The word “mystery” occurs twenty-seven times in the Bible. It is derived from a Greek term signifying, “What is known only by the initiated.” The apostle says, “Great is the mystery of godliness;” then he explains the term by saying, “God was manifest in the flesh, justified in the Spirit, seen of angels, preached unto the Gentiles, believed on in the world, received up into glory.” 1 Tim. 3:16.
If the apostle had said, “Great is the mystery of God,” all at once would have said, “Yes we know that; but it is GODLINESS that is the mystery. It is God manifest in the flesh.” It is justification in the spirit. Such was the life of our great pattern, Christ. “The Word was made flesh, and dwelt among us, (and we beheld His glory, the glory as of the only begotten of the Father,) full of grace and truth.” John 1:14. Christ’s life on earth was simply the word of God dressed up in humanity. He came and lived from childhood to manhood as an example for His followers to copy.

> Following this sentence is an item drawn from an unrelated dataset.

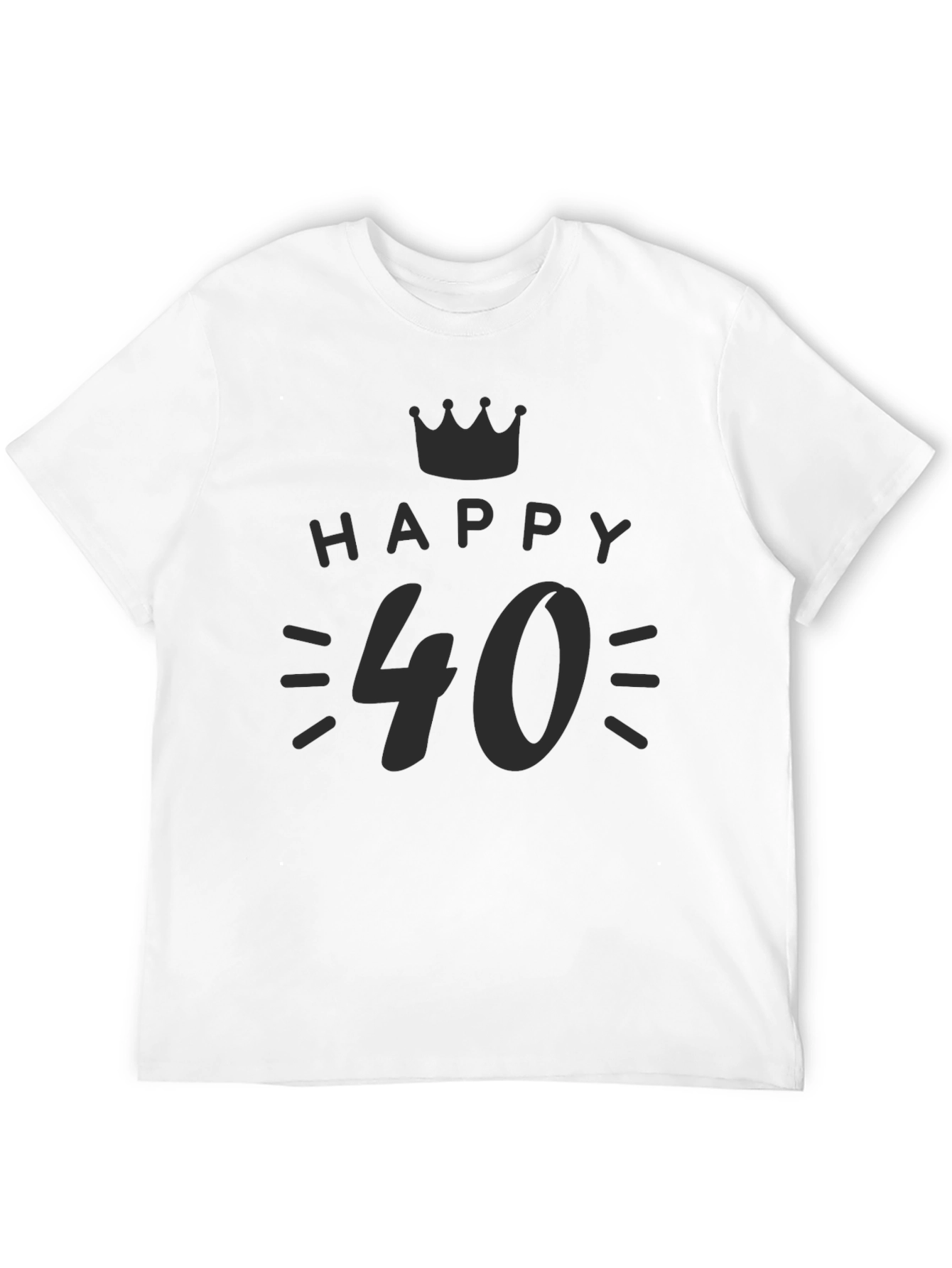 Happy 40th Birthday T-Shirt - Unisex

John 1:1,2.
In the following words we have the subject of the mystery more fully set before us: “Whereof I am made a minister, according to the dispensation of God which is given to me for you, fully to preach the word of God; even the mystery which hath been hid from ages and from generations, but is now made manifest to His saints: to whom God would make known what is the riches of the glory of this mystery among the Gentiles; which is Christ in you the hope of glory.” Col. 1:25-27, margin.

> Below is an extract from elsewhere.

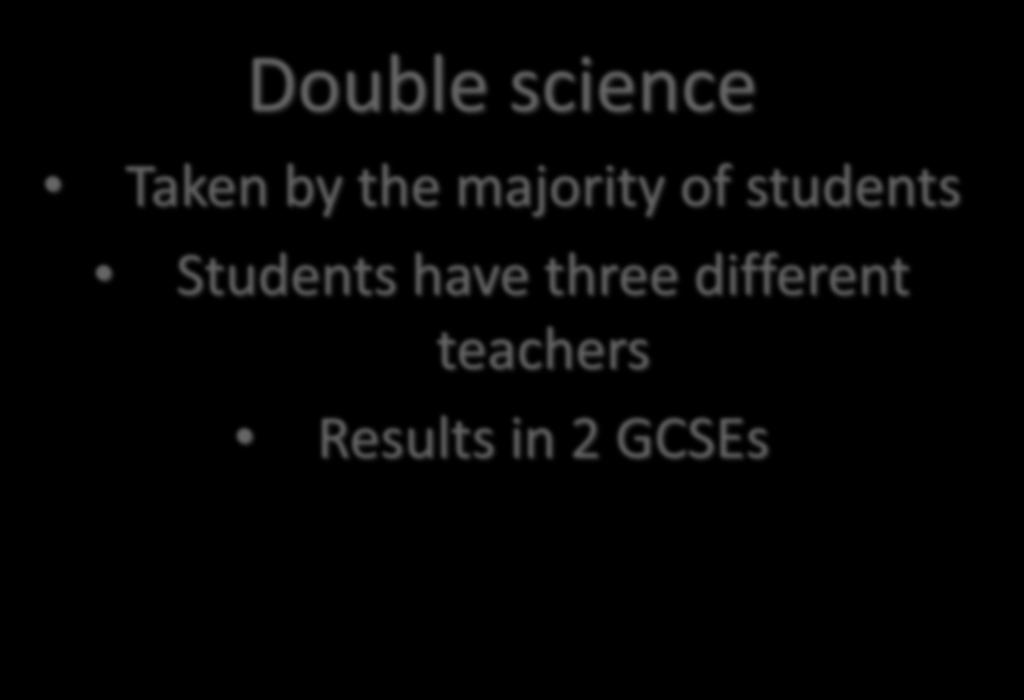 Double science Taken by the majority of students Students have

The word of God is the mystery, and when received in the heart and lived out in the life, it is “Christ in you the hope of glory.” It is a mystery to the unbeliever; only by faith can any know how the divine nature of the living God is in the Word. When we fully believe that Word, it brings Christ into the heart and life. This is the highest education that a human being can attain unto,—to simply believe, because God speaks, and let His life come in and rule the heart and mind. It is a great mystery, and will always be a mystery in this life. It is as unselfish as Christ was unselfish.

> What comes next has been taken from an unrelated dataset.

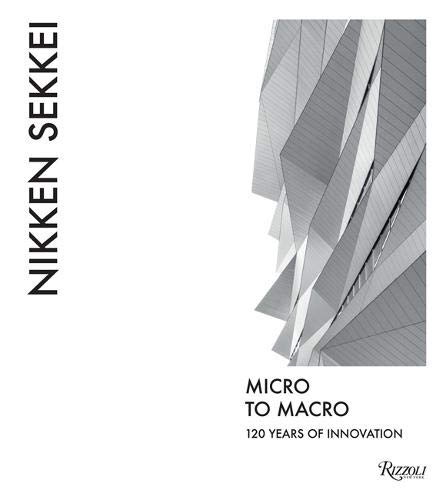 

Nikken Sekkei: Micro to Macro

Christ left the glory of heaven and came to this earth to redeem a fallen race, that He might take all that accepted His word in their hearts and life to reign with Him, and give them a place higher than the angels that had never sinned. The redeemed will sit with Christ on His throne even as Christ overcame and is with His Father on His throne. But to none of the angels has Christ promised that honor. Heb. 1:13.
This was a mystery that was never revealed until Christ came a babe in the manger at Bethany. It is the gospel of Jesus Christ, and the result of mankind receiving it. It was grasped by faith by Adam as he brought his first sacrifice to the gate of Eden ; Abraham and all the faithful have believed the word of God and have thus received the abiding presence of the divine life into their hearts by faith. The only way to really become a partaker of the divine nature is to believe the words that God has given us, and believe them just as fully as if Christ stood before us in person and spoke them to us individually.
“The union of the divine and the human, manifest in Christ, exists also in the Bible. The truths revealed are all ‘given by inspiration of God’; yet they are expressed in the words of men, and are adapted to human needs. Thus it may be said of the Book of God, as it was of Christ, that ‘the word was made flesh, and dwelt among us.’ And this fact, so far from being an argument against the Bible, should strengthen faith in it as the word of God.”—Testimony for the Church, Vol. V, p. 747.
The key that unlocks the mystery of salvation, is to accept the words of God as if spoken to us personally; when we walk out by faith on the promises of God, we are walking with God, His presence goes with us. It is within the reach of high and low, learned and unlearned. It is simply to throw doubts and unbelief to the winds, and believe what God has said and risk our all upon it. God will never let one perish that really trusts Him for help. When the storms arise, if he turns to Christ, that soul will find that Christ is near at hand to help and deliver. Matt. 8:23-27.